Doors to the Unknown is an accessory for the 2nd edition of the Advanced Dungeons & Dragons fantasy role-playing game.

==Contents==
Doors to the Unknown is a short adventure campaign involving four 'blink portals' which appear in Sigil every 500 years and disappear again after two months. The player characters would need to explore these portals and discover their secrets, which may involve restricted planes inhabited by powerful hyper-real monsters, and origins with the death of the god Aoskar by the Lady of Pain.

==Publication history==
Doors to the Unknown was published by TSR, Inc. in 1996.

==Reception==
Trenton Webb reviewed Doors to the Unknown for Arcane magazine, rating it a 6 out of 10 overall. He commented: "In the early '70s there was a spate of low-budget multi-story horror films where four people were thrown together to tell their tales in turn. Doors to the Unknown borrows this format and suffers from the nagging suspicion - the creators had loads of good ideas but no great ones." He stated: "The challenges are classic Planescape: find the keys to the portals, dive through, do a deed and get back. An extra gulp factor is added with the fact that these portals kill non-key holders, and that after exactly two months they close for another 500 years - so if you're not back by then it's game over." Webb continued: "Each of the portals leads to a unique mini-plane that poses specific challenges, three of which are good fun. The universe's junkyard, a hyperreal jungle and future-world of Logicus Prime all provide very different takes on 'standard weird planes'. Even the dull cave crawl that forms the fourth plane is spiced up considerably with a healthy dose of backstabbing intrigue." He added: "The overall plot that is supposed to fuel the whole campaign doesn't really have the narrative cohesion that's required, though.

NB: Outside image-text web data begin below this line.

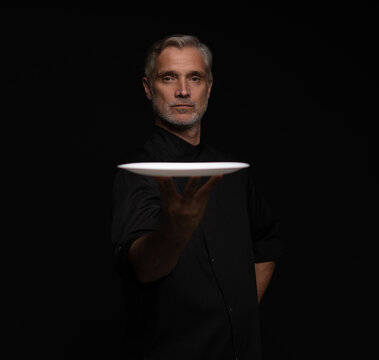 Portrait Of 50s Mature Chef In Uniform Holding Empty Plate on black.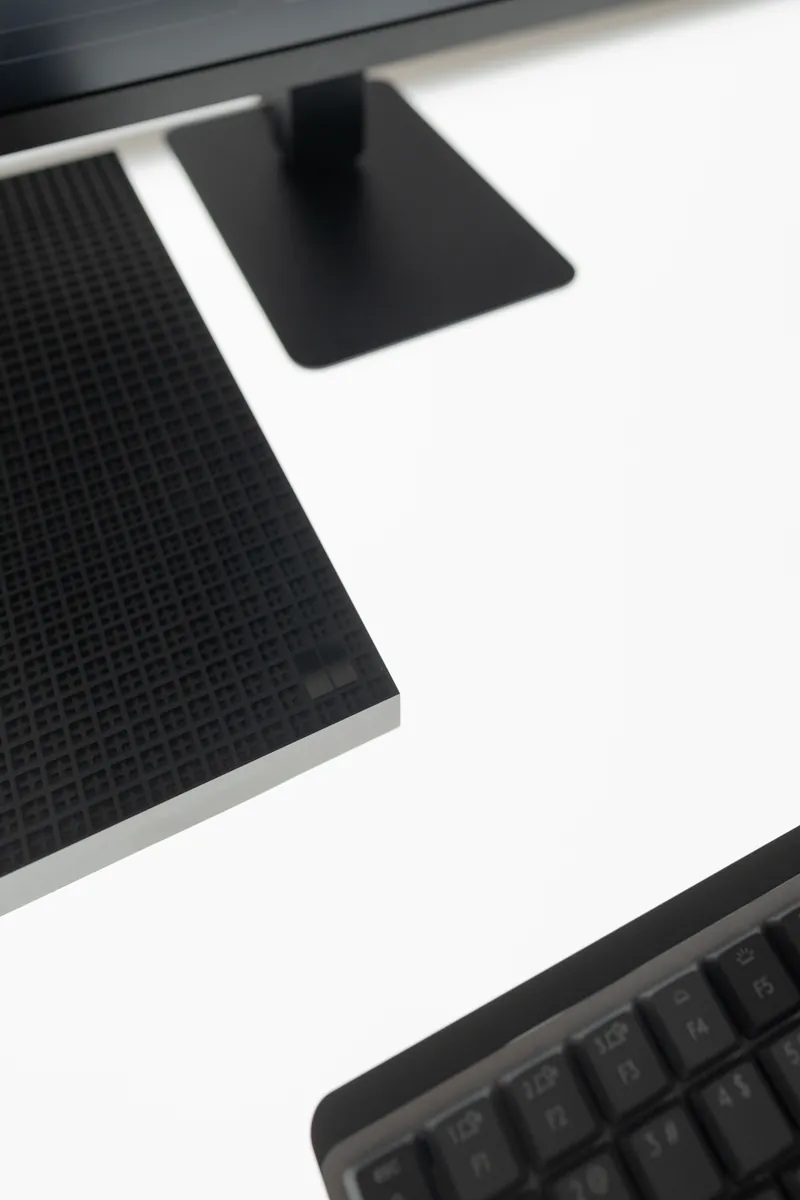 Macro detail of a device edge and keyboard against a bright white backdrop.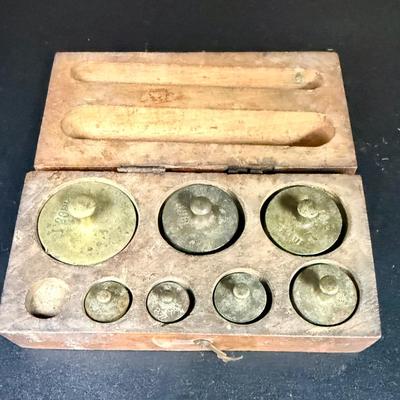 Sale Photo Thumbnail #665: Antique set of brass scale weights in a wooden box. 7 weights are included, the smallest one is missing.  Box hinge is broken.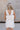 Madilyn White Back Bow Romper- back view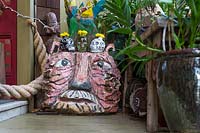 Carved and painted wooden tiger head outside the front door, with skull vases perched on top. Ginger plant - Hedychium sp. in the foreground. Sculptor and ceramicist Marcia Donahue's garden in Berkeley, California.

Players who are going to have other things on their mind - such as getting back home - aren't given enough clues or guidance." Webb concluded his review by saying, "The vagaries of Planescape are one of its true blessings, because it enables games to be played in a fast 'n loose style, which is why it's imperative that recognisable core themes are maintained, and why Doors to the Unknown fails. It serves up four mini-adventures which fail to coalesce into the single great adventure it wants to be."